On your walkthrough, you should also test bookshelves, lamps and other large objects that could potentially tip over and fall on the baby. Attach them to the wall with wall anchors, or in the case of the lamps, move them behind large furniture so kids can’t get to them.

baby at window looking through blinds

Watch out for blinds cords.
Blinds cords present a choking hazard and should be tied up out of the kids’ reach. If that makes the blinds hard to operate, then you might want to consider investing in some pleated shades or cordless window shades which gets rid of the problem entirely.
Cover up outlets.
Get plastic outlet covers and use them to cover up every outlet in your house. If you remove an outlet cover to plug in a cord, make a habit of replacing it once you’re done. If you tend to misplace the plastic plugs, consider upgrading to switch plates that have outlet covers built in.
Protect sharp corners.
If your furniture has lots of sharp edges and corners, you should get a corner and edge protection kit to cover them up. These foam and plastic bumpers soften the edges and will keep kids from getting injured if they run into them.
Unplug appliances.
Speaking of appliances, you should keep them unplugged whenever you’re not using them. Tuck the cords out of the way and store them in cabinets or baskets if you can to keep them out of the toddler’s reach. 

Put up baby gates.
Baby gates will keep inquisitive little ones away from the stairs as well as off-limits rooms. Make sure to invest in sturdy, high quality gates that can resist some pressure from a larger toddler. If they won’t stay standing, you might as well not bother with a baby gate at all.
Protect the fireplace.
If you’re lucky enough to have a fireplace, you definitely need to baby proof it. Keep the glass or mesh screen closed whenever it’s not in use, or get a freestanding hearth screen if the fireplace doesn’t already have one.
Move your plants.
If you have any plants that could potentially be harmful to humans, put them on the highest shelf, out of the reach of kids.
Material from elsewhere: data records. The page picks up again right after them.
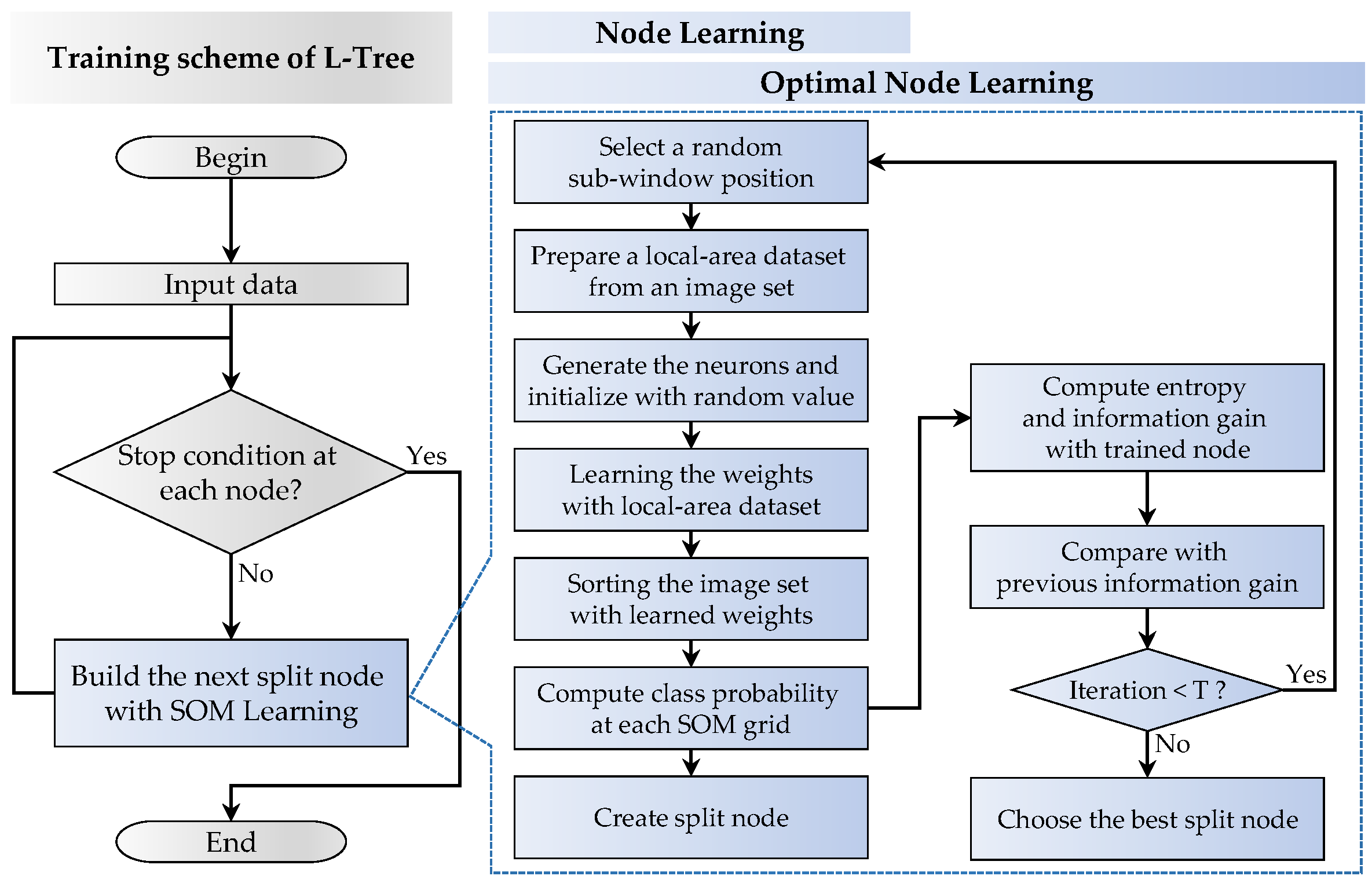 Sensors 18 00306 g002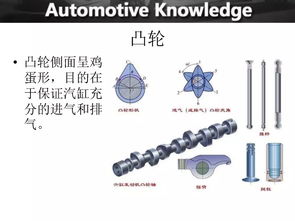 汽配件基礎(chǔ)知識
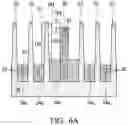 Fig. 08 - Surface treatment for etch tuning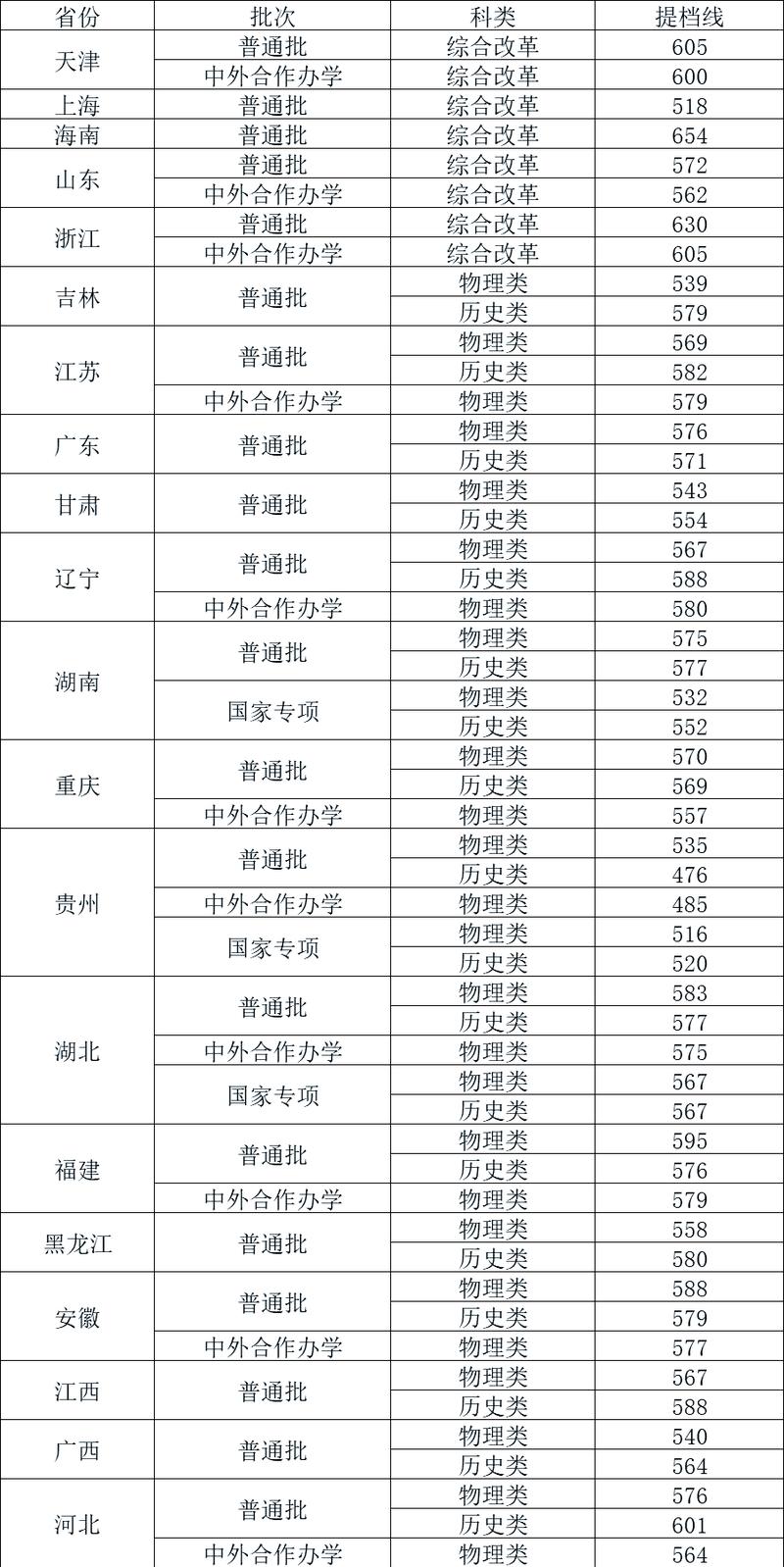 首都经济贸易大学考研分数线是多少？-图1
Even if your houseplants are harmless, you still might want to put them higher up so your kids can’t knock them over or try to eat the dirt.
Keep glass out of reach.
Glass and other breakables should be placed in high cabinets, away from children. If you normally keep your china in a hutch or sideboard that the kids can reach, relocate them to higher shelves or a closet you can lock up as an extra precaution.
Do away with tablecloths.
Tablecloths hang at the perfect height for little hands to grab them, breaking all your dishes and potentially leading to an accident. Ditch them in favor of placemats and other table coverings that don’t dangle over the edge or opt for a durable table with a top made of material such as stainless steel.

babyproofing your home illustration

Install cabinet locks.
If you haven’t already, you should install cabinet locks in your kitchen, bathroom and wherever you have cabinets in your house. Keep in mind that older children can operate cabinet locks and potentially leave them open, so especially fragile or dangerous items should still be stored on higher shelves.
Get stove knob covers.
Once kids get a bit taller, it’s very easy for them to turn on the stove, either accidentally or deliberately. Stop this problem before it happens by installing stove knob covers that keep them from being turned. Simply pop off the covers when you need to cook and replace them when you’re done.
Upgrade to a locking trash can.
You throw all sorts of gross and dangerous things in your trash can, such as moldy food and sharp tin can lids, so you definitely want to keep your kids out of it. Consider upgrading to a kitchen trash can that has a locking lid to give you peace of mind. While you’re at it, get one for your bathroom trash, too, or find somewhere safe to stash it.
Keep cribs clear.
You won’t need to worry about many of these baby proofing steps until your infant is crawling. However, there is one area that you need to baby proof from the start: the crib. Keep pillows, blankets, comforters and toys out of the crib, and make sure the slats are close together and the construction is sturdy.
Don’t forget the pet’s gear.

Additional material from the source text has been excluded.